Tea Party confirme à cette occasion son rôle déstructurant que nous avons distingué à d’autres occasions. L’essentiel dans le cas présent se résume à deux points, qui ont peu à voir avec l’arithmétique parlementaire et beaucoup avec la situation du “pays réel” des USA. Le premier point est que Tea Party devient une force publique et politique d’une importance telle que les deux partis du système sont obligés de raisonner et de manœuvrer en fonction d’une situation qui échappe aux règles du système. Cela favorise bien des erreurs, bien des dérapages incontrôlés, et expédie une circonstance politique majeure et jusqu’ici réglée comme du papier à musique entre les deux partis sur une terra incognita de la politique.
Le second point découle du premier. Peu importe en l’occurrence de savoir qui sera élu, mais importent essentiellement les effets de l’élection en fonction du poids de Tea Party. La conséquence principale est bien le désordre nouveau ainsi créé, du fait d’une force politique difficilement identifiable, et encore plus difficilement contrôlable. Dans la pire des hypothèses (pour les démocrates), le plus important n’est pas que les démocrates perdent leur majorité de 60 sièges mais bien qu’ils entreraient dès mercredi matin dans une crise majeure de cohésion d’abord dans la perspective des élections de novembre 2010, à tous les niveaux des Etats selon les situations locales, et entre les parlementaires et le président au niveau national. La situation ne serait pas nécessairement meilleure pour les républicains, qui auraient de plus en plus besoin de Tea Party pour consolider leur possible victoire de novembre, et qui seraient de plus en plus dépendants par conséquent d’une force de plus en plus incontrôlable, renforcée dans ce cas par l’éventuelle victoire du Massachusetts prise ici comme hypothèse.

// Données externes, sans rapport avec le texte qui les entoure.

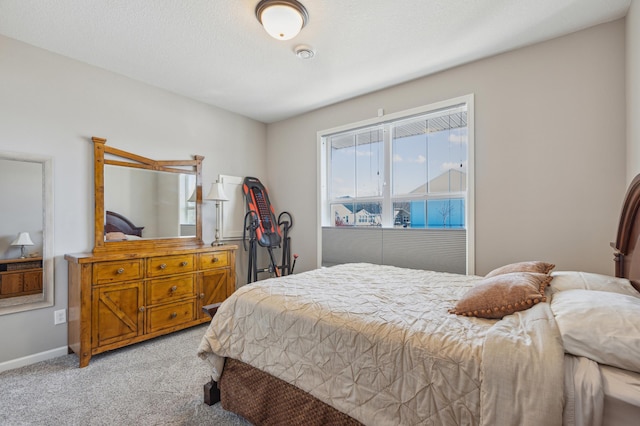 bedroom featuring baseboards and light colored carpet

On comprend combien les buts politiques de Tea Party, si quelqu’un arrive précisément à les identifier, n’ont enfin que peu d’importance. L’essentiel est bien sûr le trouble profond que le mouvement introduit dans le jeu politique des deux principaux partis, qui ressemble si souvent à une complicité objective renvoyant évidemment au système, dans ce cas système de “parti unique” dont ils sont les deux ailes.